** Opening Recorded data block **

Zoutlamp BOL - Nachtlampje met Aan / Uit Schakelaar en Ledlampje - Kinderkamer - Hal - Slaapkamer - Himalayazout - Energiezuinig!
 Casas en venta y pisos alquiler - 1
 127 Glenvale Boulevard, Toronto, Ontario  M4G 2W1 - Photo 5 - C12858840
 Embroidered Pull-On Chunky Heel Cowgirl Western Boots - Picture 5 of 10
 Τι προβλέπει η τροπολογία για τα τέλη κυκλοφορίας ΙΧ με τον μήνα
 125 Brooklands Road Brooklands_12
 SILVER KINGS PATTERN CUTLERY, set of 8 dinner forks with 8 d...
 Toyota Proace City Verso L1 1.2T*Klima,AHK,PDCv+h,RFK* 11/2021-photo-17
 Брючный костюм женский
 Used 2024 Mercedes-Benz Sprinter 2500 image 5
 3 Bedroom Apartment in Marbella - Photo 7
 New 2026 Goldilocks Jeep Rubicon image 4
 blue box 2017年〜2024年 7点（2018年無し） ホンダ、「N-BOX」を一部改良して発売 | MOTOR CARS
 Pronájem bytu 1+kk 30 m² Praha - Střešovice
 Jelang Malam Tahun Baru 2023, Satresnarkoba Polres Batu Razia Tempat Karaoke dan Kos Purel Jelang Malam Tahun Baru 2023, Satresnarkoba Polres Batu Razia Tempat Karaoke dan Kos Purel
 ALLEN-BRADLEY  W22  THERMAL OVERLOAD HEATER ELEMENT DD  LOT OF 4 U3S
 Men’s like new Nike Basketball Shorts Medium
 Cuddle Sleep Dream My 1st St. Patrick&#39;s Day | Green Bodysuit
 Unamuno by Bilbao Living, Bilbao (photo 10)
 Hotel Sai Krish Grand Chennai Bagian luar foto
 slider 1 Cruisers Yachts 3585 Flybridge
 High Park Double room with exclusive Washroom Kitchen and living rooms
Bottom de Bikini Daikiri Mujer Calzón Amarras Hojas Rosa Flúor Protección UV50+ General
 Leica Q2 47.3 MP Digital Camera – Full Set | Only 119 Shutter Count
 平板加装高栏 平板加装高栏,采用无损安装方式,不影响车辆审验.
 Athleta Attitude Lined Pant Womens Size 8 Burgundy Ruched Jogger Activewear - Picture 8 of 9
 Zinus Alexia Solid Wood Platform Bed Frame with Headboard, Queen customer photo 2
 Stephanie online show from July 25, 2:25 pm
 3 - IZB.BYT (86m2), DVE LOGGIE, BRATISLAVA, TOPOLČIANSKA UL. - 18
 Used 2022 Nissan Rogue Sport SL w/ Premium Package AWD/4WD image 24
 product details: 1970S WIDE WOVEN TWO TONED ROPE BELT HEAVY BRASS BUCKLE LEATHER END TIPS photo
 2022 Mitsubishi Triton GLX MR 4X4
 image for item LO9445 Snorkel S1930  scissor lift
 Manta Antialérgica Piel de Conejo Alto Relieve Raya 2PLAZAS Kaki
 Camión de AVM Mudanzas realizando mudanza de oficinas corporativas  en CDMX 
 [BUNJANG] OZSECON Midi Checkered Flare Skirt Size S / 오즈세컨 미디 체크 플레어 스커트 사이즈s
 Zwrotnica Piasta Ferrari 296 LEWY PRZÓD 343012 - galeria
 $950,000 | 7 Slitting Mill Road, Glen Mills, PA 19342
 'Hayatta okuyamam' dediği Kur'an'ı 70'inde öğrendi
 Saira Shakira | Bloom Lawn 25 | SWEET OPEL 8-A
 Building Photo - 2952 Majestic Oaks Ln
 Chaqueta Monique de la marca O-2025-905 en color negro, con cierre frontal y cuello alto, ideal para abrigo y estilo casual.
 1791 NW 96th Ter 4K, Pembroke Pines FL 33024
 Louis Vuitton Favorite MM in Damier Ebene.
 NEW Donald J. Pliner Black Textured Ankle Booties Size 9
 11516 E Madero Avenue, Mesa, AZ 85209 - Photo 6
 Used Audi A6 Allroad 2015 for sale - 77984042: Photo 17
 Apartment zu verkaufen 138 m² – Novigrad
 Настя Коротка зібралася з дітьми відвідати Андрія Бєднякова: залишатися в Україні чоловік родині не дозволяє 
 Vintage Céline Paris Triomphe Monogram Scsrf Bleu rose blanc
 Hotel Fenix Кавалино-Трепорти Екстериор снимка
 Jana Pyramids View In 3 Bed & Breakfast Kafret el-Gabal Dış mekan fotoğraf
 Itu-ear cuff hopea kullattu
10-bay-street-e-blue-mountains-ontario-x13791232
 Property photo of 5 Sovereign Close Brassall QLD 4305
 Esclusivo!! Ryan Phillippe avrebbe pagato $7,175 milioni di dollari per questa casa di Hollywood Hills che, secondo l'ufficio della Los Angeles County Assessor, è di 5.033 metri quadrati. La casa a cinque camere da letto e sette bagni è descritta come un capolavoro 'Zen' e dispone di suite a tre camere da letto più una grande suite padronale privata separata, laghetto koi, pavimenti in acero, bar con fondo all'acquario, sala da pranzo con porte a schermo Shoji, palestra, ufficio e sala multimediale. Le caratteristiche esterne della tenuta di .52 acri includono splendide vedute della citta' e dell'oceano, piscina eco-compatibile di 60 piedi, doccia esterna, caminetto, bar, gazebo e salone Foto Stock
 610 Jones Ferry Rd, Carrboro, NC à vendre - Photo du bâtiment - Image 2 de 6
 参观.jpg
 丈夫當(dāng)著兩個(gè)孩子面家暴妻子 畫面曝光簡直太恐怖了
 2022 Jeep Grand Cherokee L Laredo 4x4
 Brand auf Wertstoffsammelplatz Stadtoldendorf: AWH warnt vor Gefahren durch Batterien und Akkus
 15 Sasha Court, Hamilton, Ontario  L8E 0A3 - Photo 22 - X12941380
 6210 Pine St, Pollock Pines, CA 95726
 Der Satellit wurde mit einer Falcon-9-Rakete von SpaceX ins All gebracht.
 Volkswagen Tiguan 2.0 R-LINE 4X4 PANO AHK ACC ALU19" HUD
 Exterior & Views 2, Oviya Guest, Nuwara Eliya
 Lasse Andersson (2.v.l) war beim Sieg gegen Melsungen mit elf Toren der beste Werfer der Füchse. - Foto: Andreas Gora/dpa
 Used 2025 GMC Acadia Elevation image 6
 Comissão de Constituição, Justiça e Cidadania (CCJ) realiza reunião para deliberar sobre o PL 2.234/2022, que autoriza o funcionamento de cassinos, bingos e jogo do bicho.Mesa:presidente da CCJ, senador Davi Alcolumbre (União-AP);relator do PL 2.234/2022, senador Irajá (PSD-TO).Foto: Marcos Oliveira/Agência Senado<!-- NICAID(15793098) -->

** Closing Recorded data block **

### Brief
Only the lines above from the one with "1791 NW 96th Ter 4K, Pembroke Pines FL 33024" through the one with "2022 Jeep Grand Cherokee L Laredo 4x4" should be duplicated, character for character.

### Your solution
 1791 NW 96th Ter 4K, Pembroke Pines FL 33024
 Louis Vuitton Favorite MM in Damier Ebene.
 NEW Donald J. Pliner Black Textured Ankle Booties Size 9
 11516 E Madero Avenue, Mesa, AZ 85209 - Photo 6
 Used Audi A6 Allroad 2015 for sale - 77984042: Photo 17
 Apartment zu verkaufen 138 m² – Novigrad
 Настя Коротка зібралася з дітьми відвідати Андрія Бєднякова: залишатися в Україні чоловік родині не дозволяє 
 Vintage Céline Paris Triomphe Monogram Scsrf Bleu rose blanc
 Hotel Fenix Кавалино-Трепорти Екстериор снимка
 Jana Pyramids View In 3 Bed & Breakfast Kafret el-Gabal Dış mekan fotoğraf
 Itu-ear cuff hopea kullattu
10-bay-street-e-blue-mountains-ontario-x13791232
 Property photo of 5 Sovereign Close Brassall QLD 4305
 Esclusivo!! Ryan Phillippe avrebbe pagato $7,175 milioni di dollari per questa casa di Hollywood Hills che, secondo l'ufficio della Los Angeles County Assessor, è di 5.033 metri quadrati. La casa a cinque camere da letto e sette bagni è descritta come un capolavoro 'Zen' e dispone di suite a tre camere da letto più una grande suite padronale privata separata, laghetto koi, pavimenti in acero, bar con fondo all'acquario, sala da pranzo con porte a schermo Shoji, palestra, ufficio e sala multimediale. Le caratteristiche esterne della tenuta di .52 acri includono splendide vedute della citta' e dell'oceano, piscina eco-compatibile di 60 piedi, doccia esterna, caminetto, bar, gazebo e salone Foto Stock
 610 Jones Ferry Rd, Carrboro, NC à vendre - Photo du bâtiment - Image 2 de 6
 参观.jpg
 丈夫當(dāng)著兩個(gè)孩子面家暴妻子 畫面曝光簡直太恐怖了
 2022 Jeep Grand Cherokee L Laredo 4x4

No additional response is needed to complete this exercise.